Brief: When you reach the line with "Photo Flash: Tierney" in the listing below, transcribe it and each line after it up to and including the line with "Roticox 120mg #7t", exactly and with nothing else.

Given information:
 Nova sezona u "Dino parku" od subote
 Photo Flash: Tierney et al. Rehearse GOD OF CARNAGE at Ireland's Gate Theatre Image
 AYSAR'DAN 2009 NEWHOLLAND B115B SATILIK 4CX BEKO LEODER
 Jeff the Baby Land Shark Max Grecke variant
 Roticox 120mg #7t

* * *

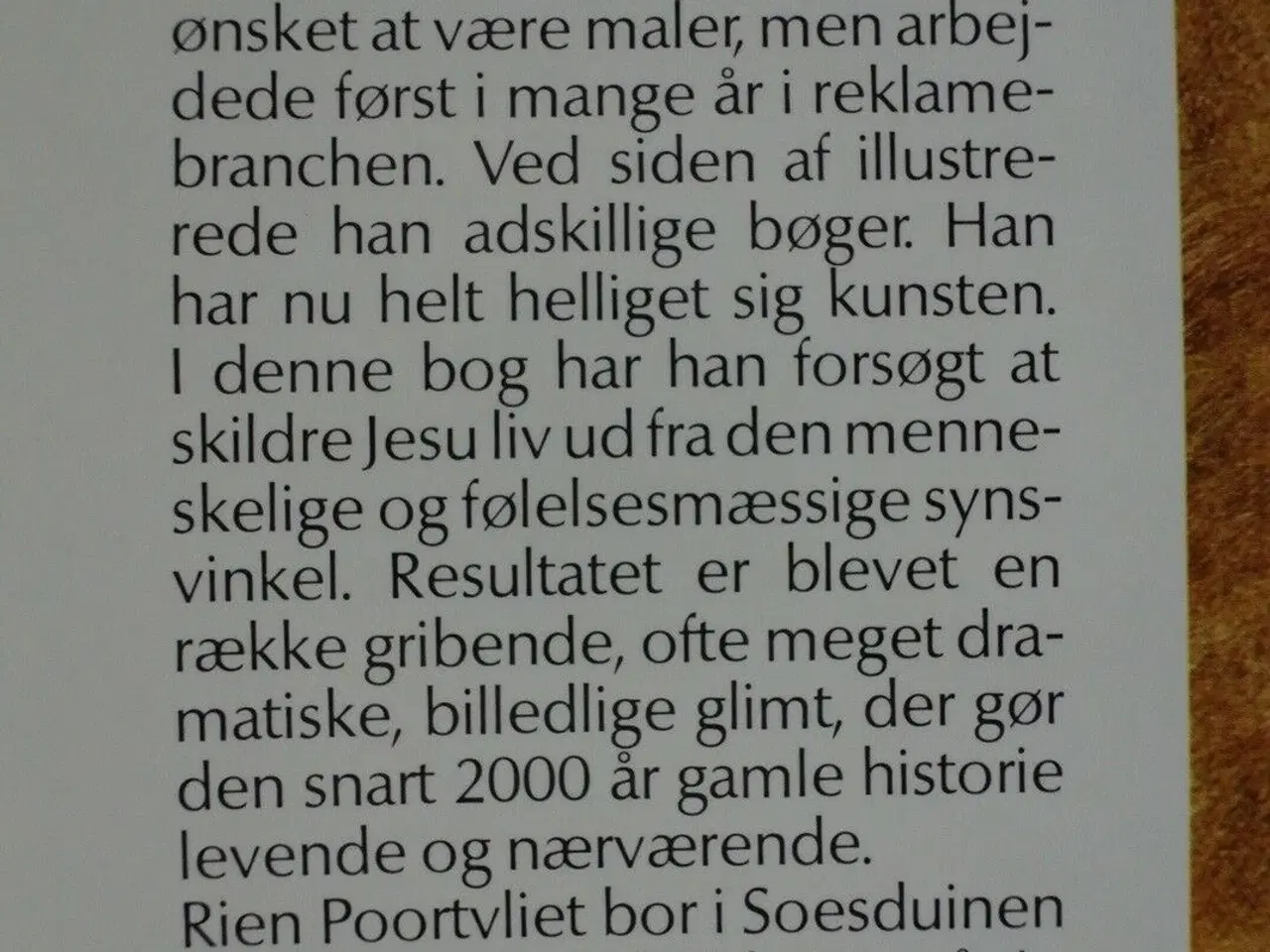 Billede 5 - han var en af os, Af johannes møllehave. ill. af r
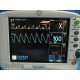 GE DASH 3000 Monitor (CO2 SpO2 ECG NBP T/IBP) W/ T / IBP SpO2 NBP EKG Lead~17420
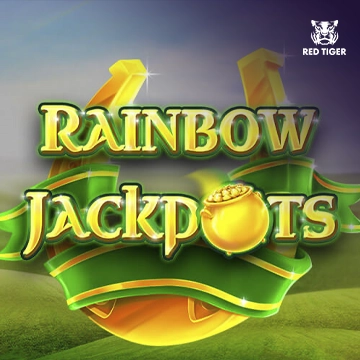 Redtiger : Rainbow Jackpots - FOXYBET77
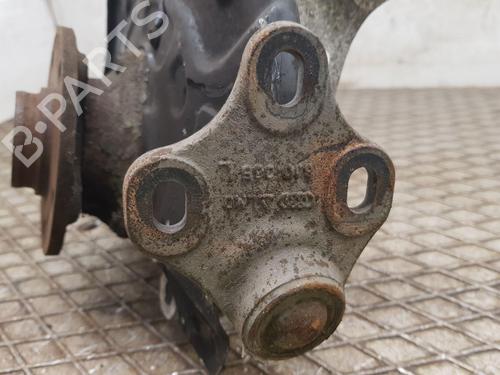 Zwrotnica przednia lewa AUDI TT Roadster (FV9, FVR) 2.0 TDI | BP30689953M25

Solved exercise:
 Photo Flash: Tierney et al. Rehearse GOD OF CARNAGE at Ireland's Gate Theatre Image
 AYSAR'DAN 2009 NEWHOLLAND B115B SATILIK 4CX BEKO LEODER
 Jeff the Baby Land Shark Max Grecke variant
 Roticox 120mg #7t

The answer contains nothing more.